**TRY IT**
Set the records down again, exactly, without their images.

**Image-caption web data**
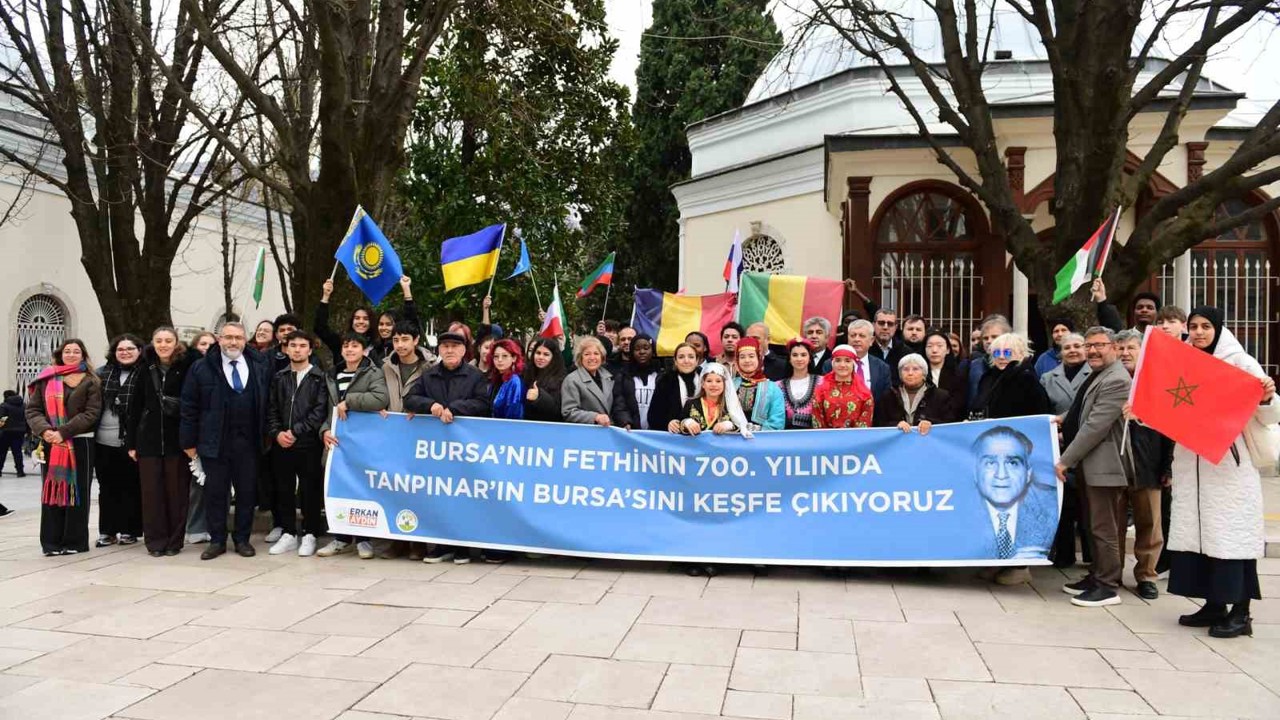Bursa’nın 700 yıllık hafızası Tanpınar’ın izinde anlatıldı
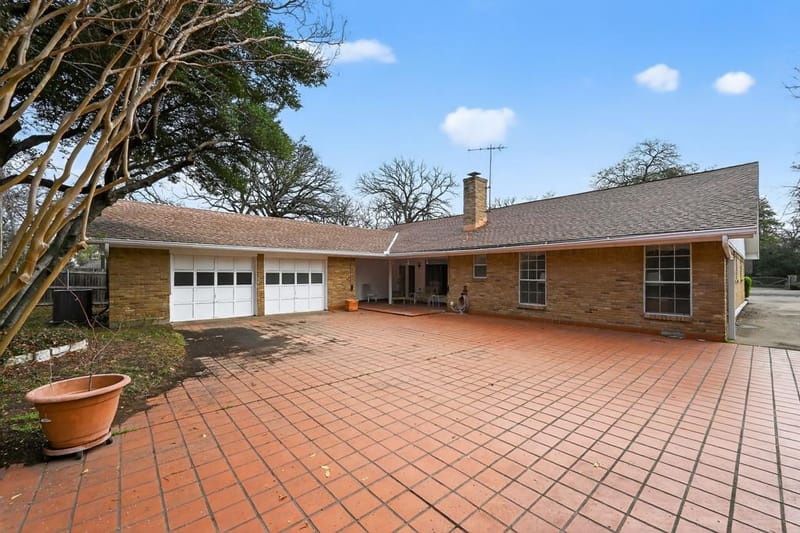 704 Castlewood Lane, Arlington TX 76012 - Photo 28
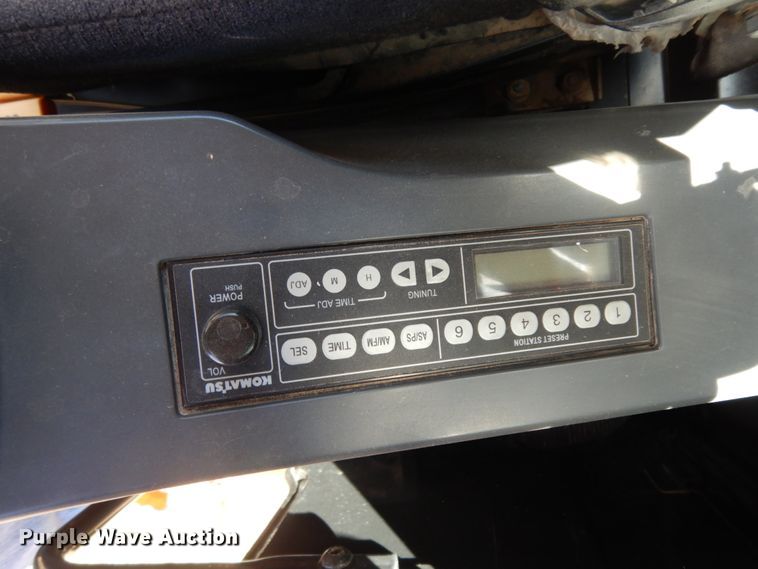 image for item DC2115 2012 Komatsu PC228USLC-8  excavator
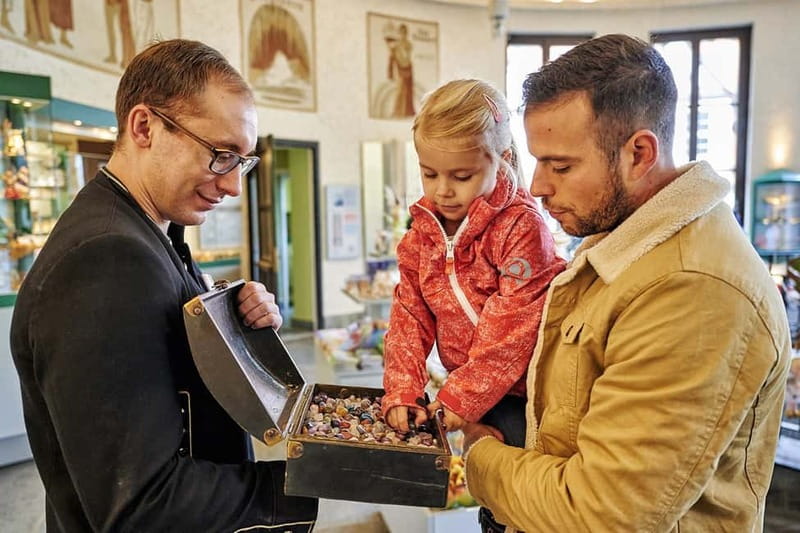 Saalfeld: Ein Familientag voll Abenteuer und Magie - Language, access, and practical limits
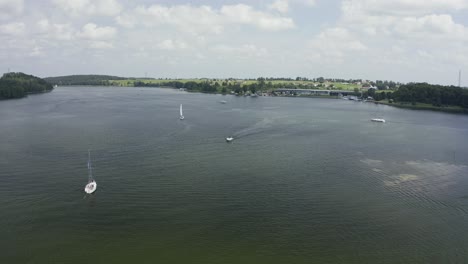 Luftaufnahmen:-Flug-über-Das-Segelboot-Auf-Klarem,-Blauen-Wasser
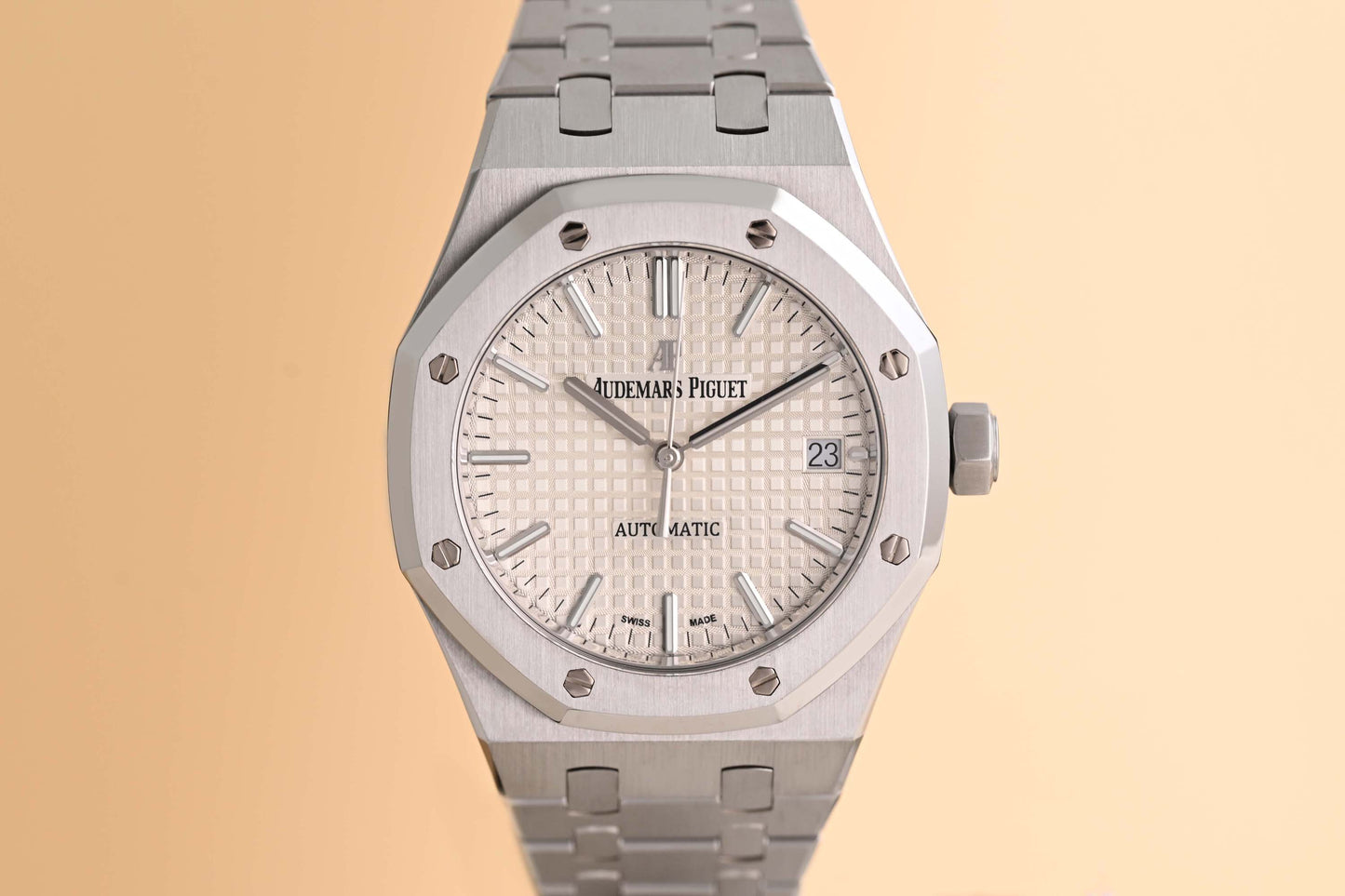 Audemars Piguet Royal Oak - 15450ST - White Dial - Full Set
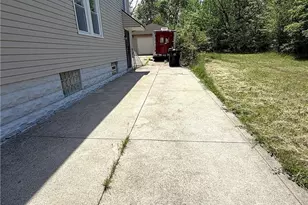 10514 Lamontier Ave, Loveland, OH 44104 - Photo 21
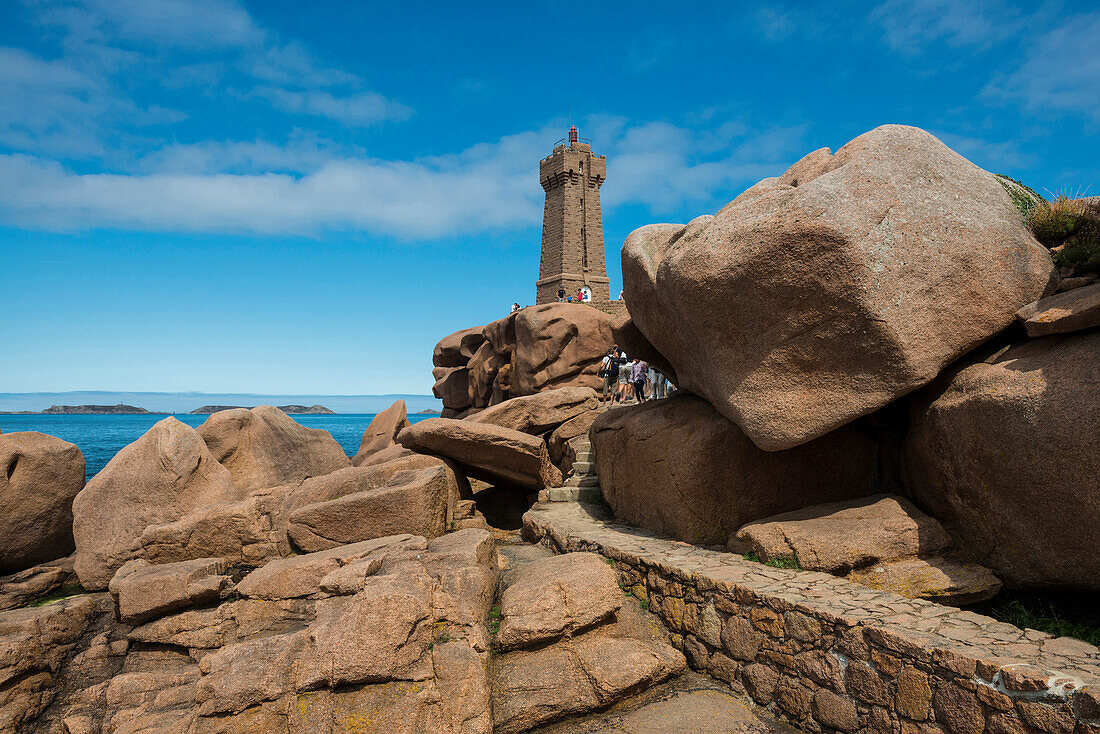 lighthouse and granite rocks, Phare de Ploumanac'h or Phare de Mean Ruz, Ploumanach, Côte de Granit Rose, Côtes d’Armor,  Brittany, France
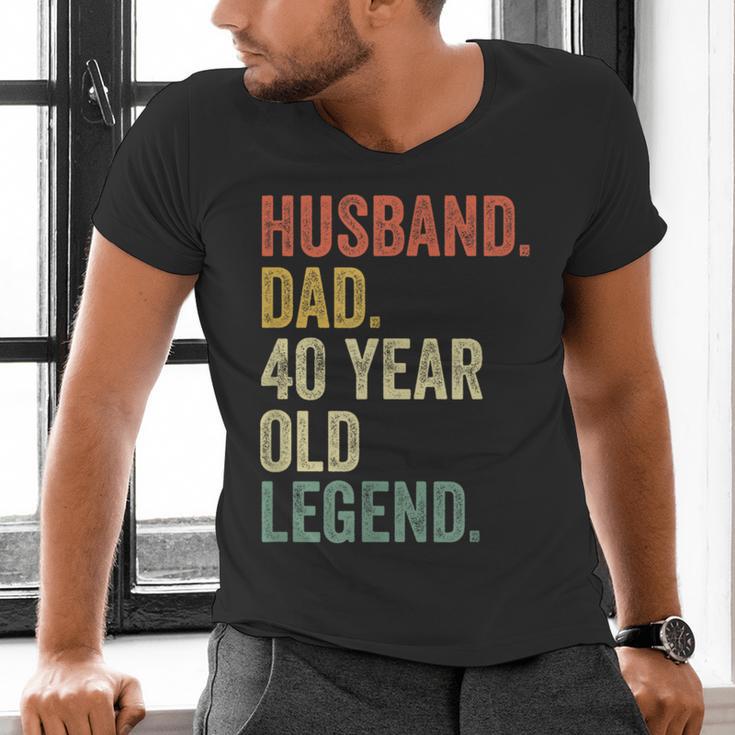 40th Birthday For Men Vintage Dad 1980 Men's V-Neck T-Shirt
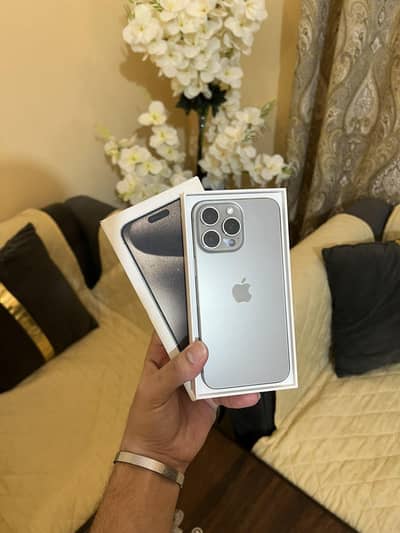 Apple iPhone 15 Pro Max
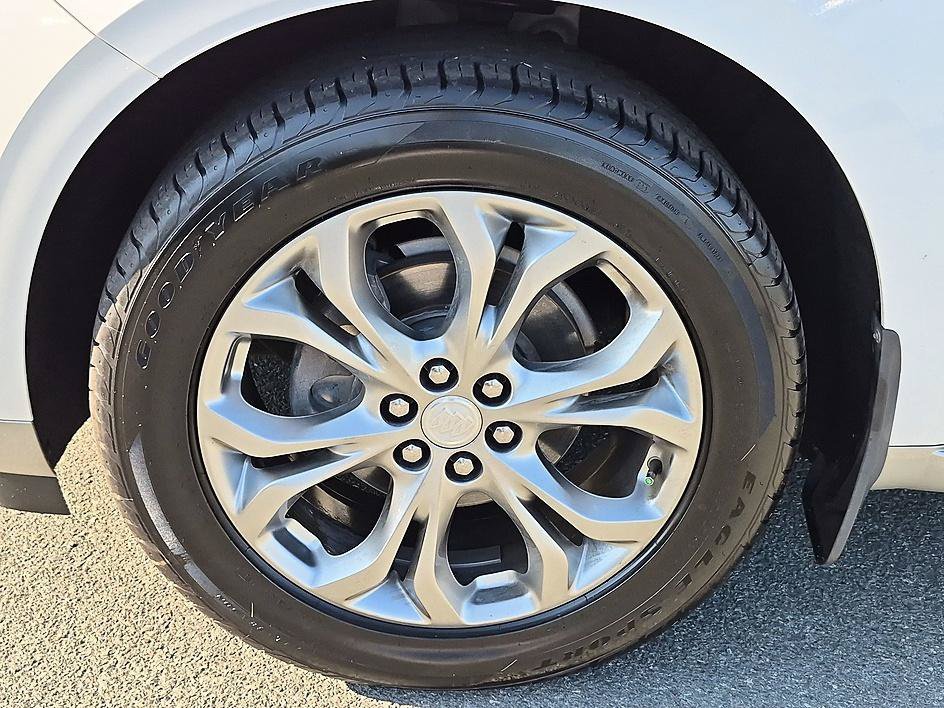 Certified Used 2019 Includes Satin Nickel lower exterior accent color.) Buick Avenir image 10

**WRITTEN ANSWER**
Bursa’nın 700 yıllık hafızası Tanpınar’ın izinde anlatıldı
 704 Castlewood Lane, Arlington TX 76012 - Photo 28
 image for item DC2115 2012 Komatsu PC228USLC-8  excavator
 Saalfeld: Ein Familientag voll Abenteuer und Magie - Language, access, and practical limits
 Luftaufnahmen:-Flug-über-Das-Segelboot-Auf-Klarem,-Blauen-Wasser
 Audemars Piguet Royal Oak - 15450ST - White Dial - Full Set
 10514 Lamontier Ave, Loveland, OH 44104 - Photo 21
 lighthouse and granite rocks, Phare de Ploumanac'h or Phare de Mean Ruz, Ploumanach, Côte de Granit Rose, Côtes d’Armor,  Brittany, France
 40th Birthday For Men Vintage Dad 1980 Men's V-Neck T-Shirt
 Apple iPhone 15 Pro Max
 Certified Used 2019 Includes Satin Nickel lower exterior accent color.) Buick Avenir image 10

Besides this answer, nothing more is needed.